(Caption-style text data)
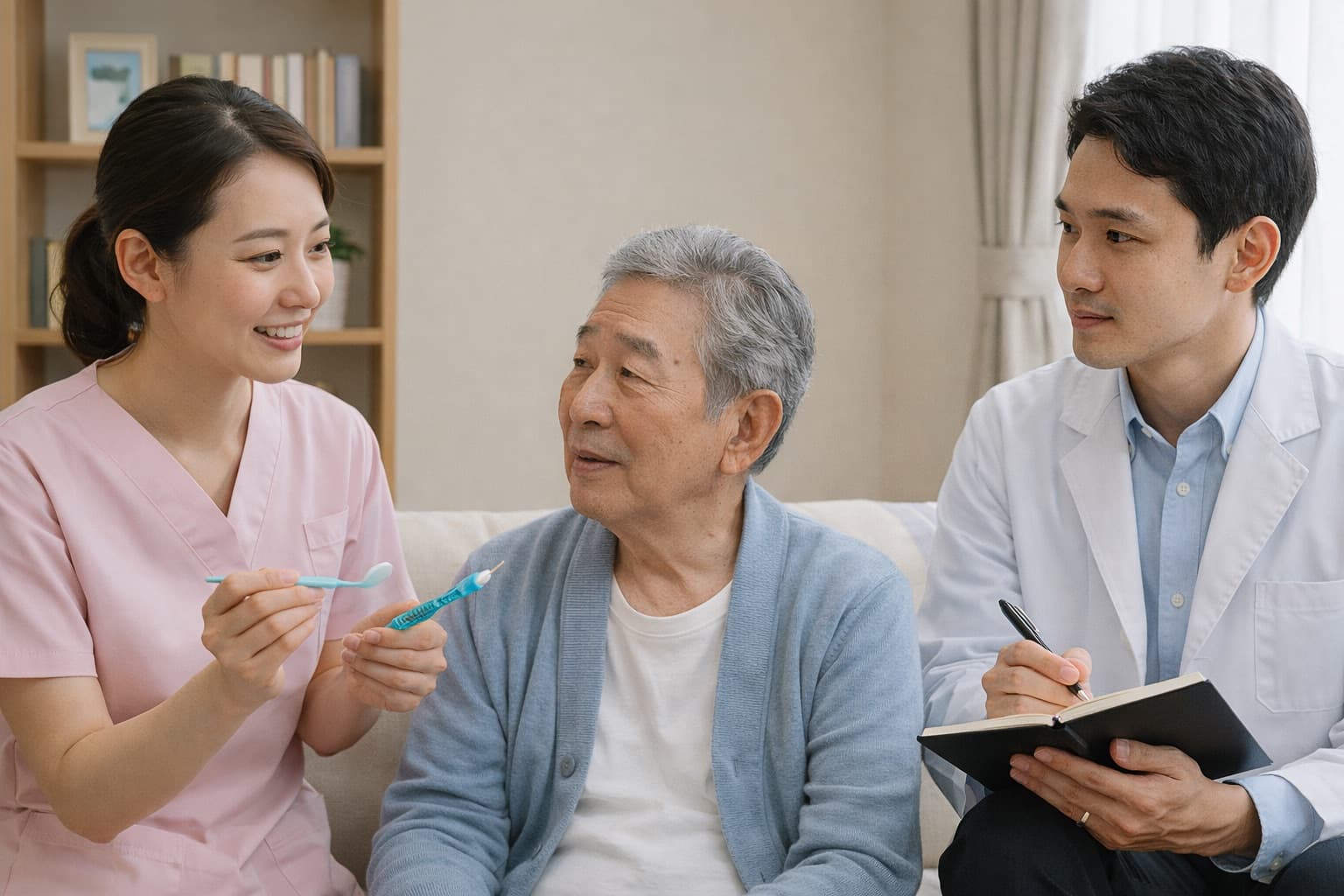 歯科衛生士が専門資格の認定証やバッジを持って笑顔でいる様子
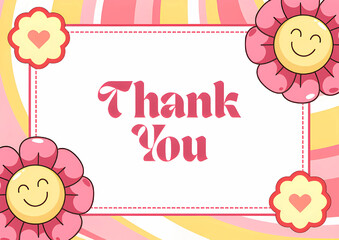 Playful thank you card with smiling sunflowers, pink flowers, and cheerful pink border for bright and friendly gratitude.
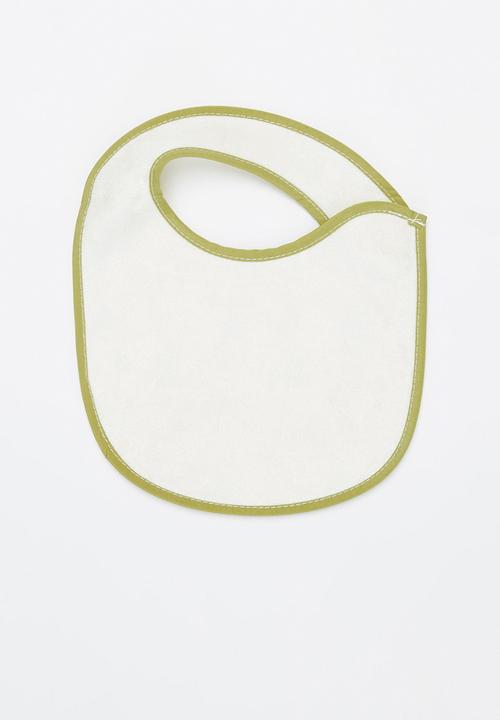 Pop Candy - Baby 2 pack bibs - green & white 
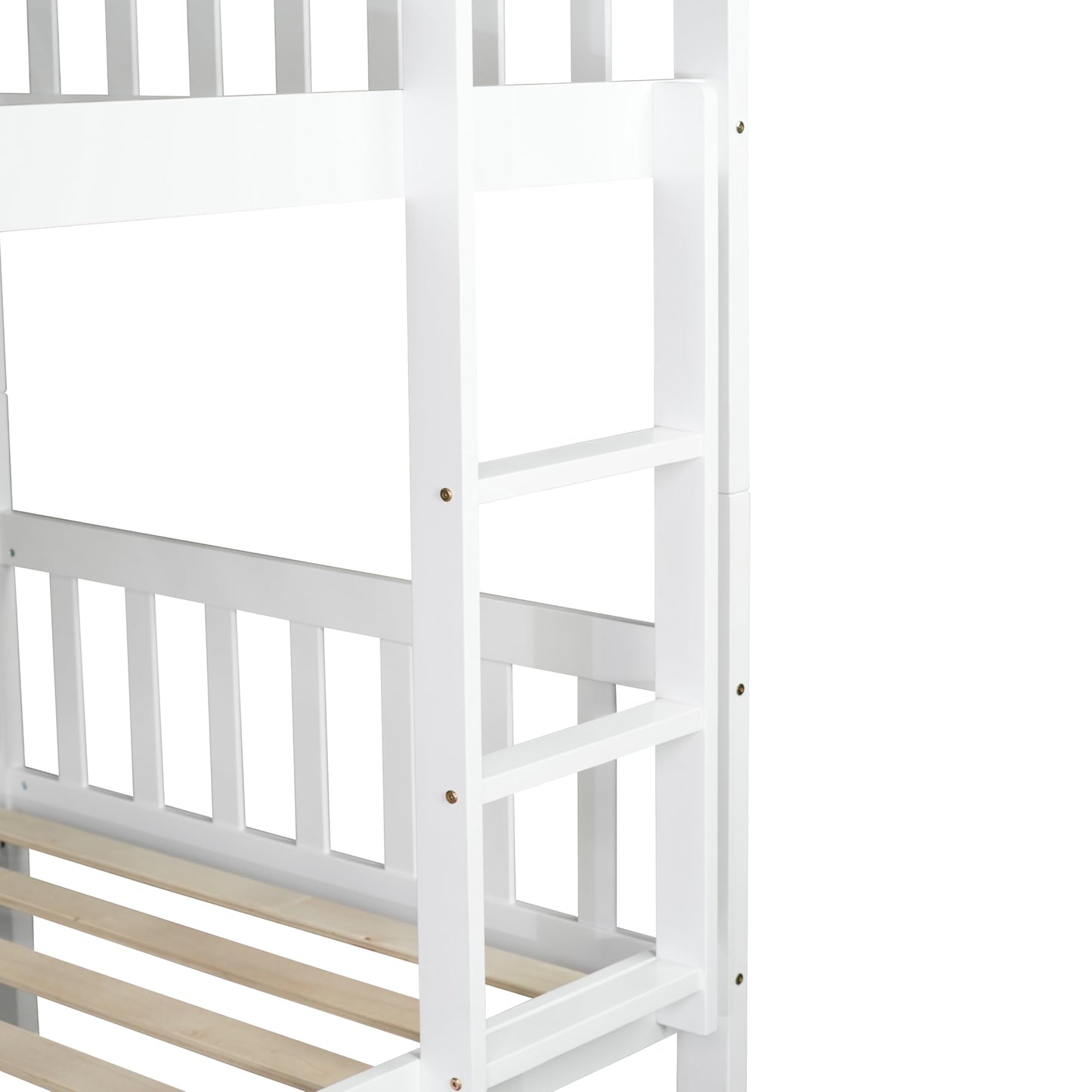 UOCFYK Twin Over Twin Wood Bunk Bed with Trundle for Kids Boys Girls,Solid Wood Bedframe w/Ladder & Safety Guardrails, Convertible into Twin Size Beds,No Box Spring Needed, White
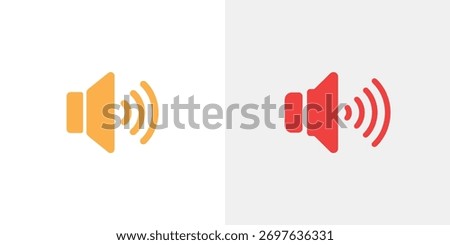Collection of two sound volume icons. Orange and Red speaker with sound waves on a light gray and white background. Flat vector illustration representing audio settings.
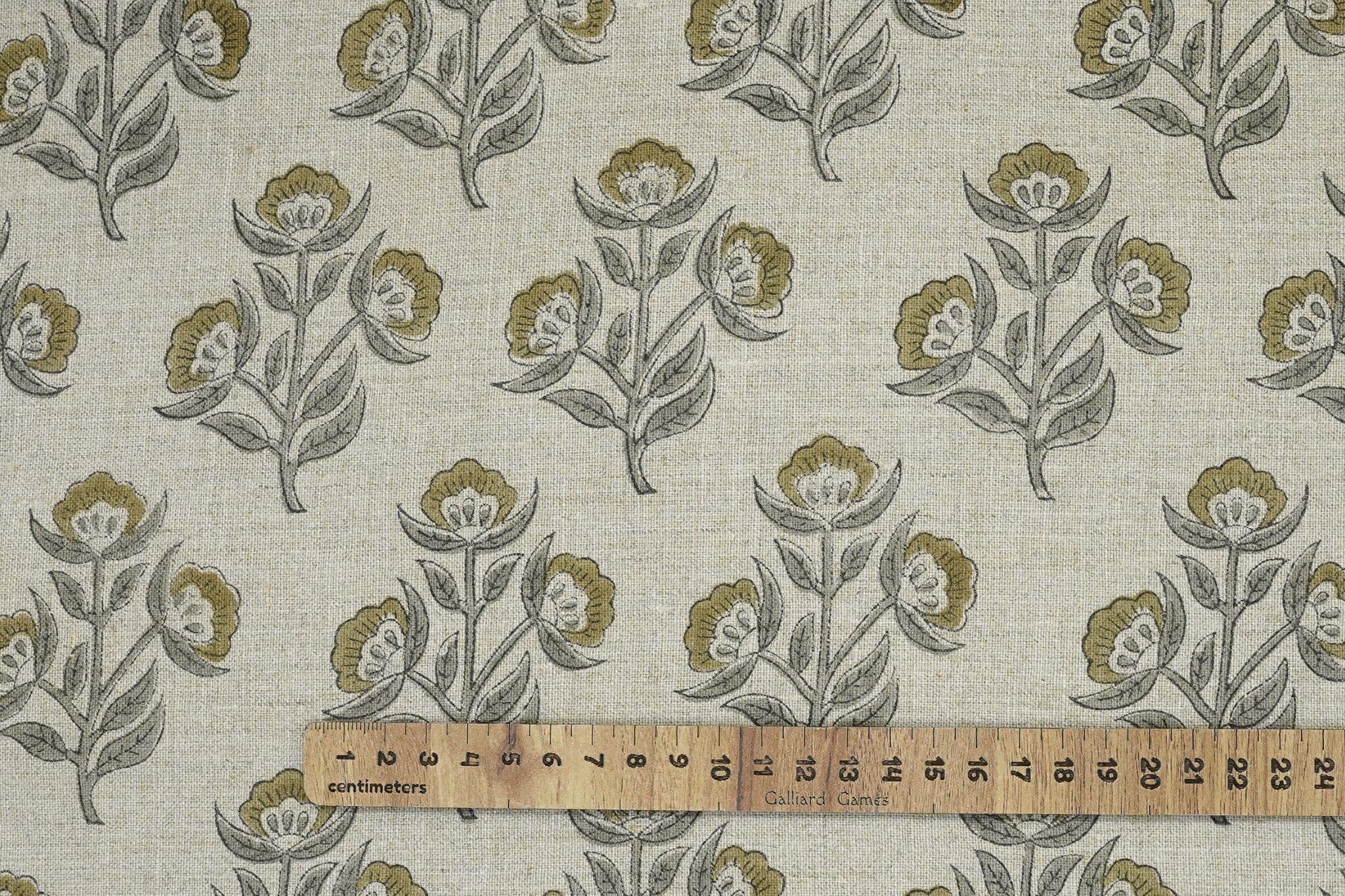 Pure linen hand printed linen fabric for women clothing, floral hand block print, linen lampshade and tablecloth, pillow fabric - BAELPATRA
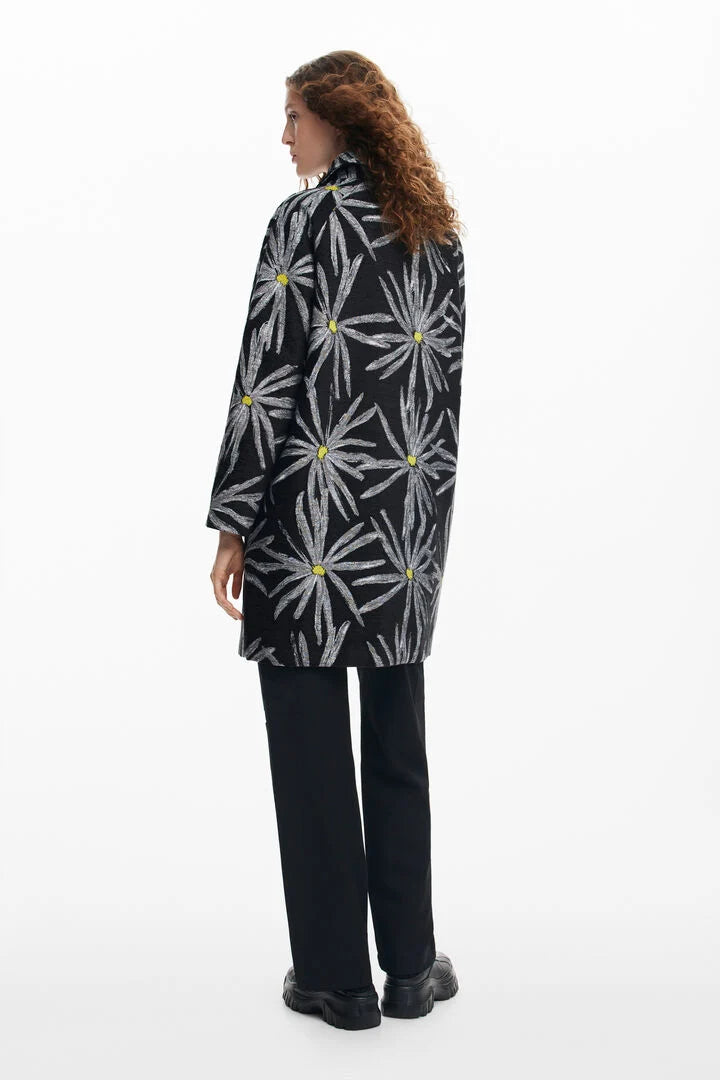 Stylish Daisy Print Coat for Women - Floral Fashion Outerwear for Spring & Fall - Perfect for Casual Outings & Date Nights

◆ **Exercise prompt**:
Beginning with the line that contains "Playful thank you", write out every line through the last one in the records, exactly and without pictures.

◆ **Solution to this problem**:
 Playful thank you card with smiling sunflowers, pink flowers, and cheerful pink border for bright and friendly gratitude.
 Pop Candy - Baby 2 pack bibs - green & white 
 UOCFYK Twin Over Twin Wood Bunk Bed with Trundle for Kids Boys Girls,Solid Wood Bedframe w/Ladder & Safety Guardrails, Convertible into Twin Size Beds,No Box Spring Needed, White
Collection of two sound volume icons. Orange and Red speaker with sound waves on a light gray and white background. Flat vector illustration representing audio settings.
 Pure linen hand printed linen fabric for women clothing, floral hand block print, linen lampshade and tablecloth, pillow fabric - BAELPATRA
 Stylish Daisy Print Coat for Women - Floral Fashion Outerwear for Spring & Fall - Perfect for Casual Outings & Date Nights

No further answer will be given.